An der Molli (258)

 

Na, das wurde aber auch Zeit. Die längste Konzertpause in der ewigen Historie der Russian Doctors steht vorm Ende. Doc Makarios ist wieder auf den Beinen, Doc Pichelstein dennoch mal wieder grün im Gesicht. Die vorwöchentliche Kombination aus täglichem Broterwerb, gepaart mit nächtlicher Studioarbeit führt insgesamt zu einem Zustand körperlicher Intoleranz und Verweigerung. Ständig will der Gitarrendoktor schlafen und darf es nicht. Nirgends. Wenn doch, dann höchst wenig und wie die Tourerfahrung lehrt, wird sich das in den nächsten beiden Tagen nicht sonderlich anders anfühlen. Sei’s drum. Das Tourauto fährt durch alle Wetter Richtung Ostsee. Eben noch schien die Sonne, ermüdete Navigator Makarios, schon prasselt der Regen. „Mein Doktor, es regnet“, kommt es schlaftrunken vom Beifahrersitz. „Schon eine ganze Weile“, beklagt Pichelstein den Scheibenwischerschnelleinsatz. Kaffee muss her, viel davon, Stunden später wird bereits die Ostsee vor Heiligendamm abgeschritten. Genau hier wurde die Arcane-Story im letzten Jahr gedreht. Worte, welche die Sonne hervorlocken, denn ab sofort ist wieder Sommer.

 

Während am Tisch 9 der Stadtpension, mittlerweile in Bad Doberan angekommen, Pizzateller geleert werden, zieht es Wirt Gunnar auf einen Kurztrip nach Warnemünde.
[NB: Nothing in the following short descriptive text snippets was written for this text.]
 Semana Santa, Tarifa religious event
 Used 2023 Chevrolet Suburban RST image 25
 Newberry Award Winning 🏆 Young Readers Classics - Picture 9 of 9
Freund Leiche, telefonisch erweckbar, vermittelte vorab den letzten Top-Rettungs-Deal des Tages, denn irgendwie fehlte die Anlage zur Beschallung des Publikums. In Tagen der Vielbeschäftigung klappt nicht jede Kommunikation, Gunnar sei Dank, Du bist ein Held. Unplugged spielen ist nämlich ganz schön anstrengend.

 

 

Und ja, die Mühe, die Wege lohnen sich. Ein letztes Mal für heute schnaubt die Molli-Bahn aus Kühlungsborn am Moritz-Pub vorbei; nachdem sie vor einer Weile bereits einen 75jährigen Rentner mit Vollbremsung vom Rad holte, wies sie gerechterweise zuletzt ein Touristenauto in die Schranken. Stahlkolosse mit viel Dampf drin haben eben Vorfahrt. Da denkt man, aha, statistisch betrachtet kann nicht mehr viel Elend kommen an einem 07. September. Doch weit gefehlt. Am Stadtrand von Bad Doberan ist nämlich Dorffest. Doch das mag noch nicht alles sein.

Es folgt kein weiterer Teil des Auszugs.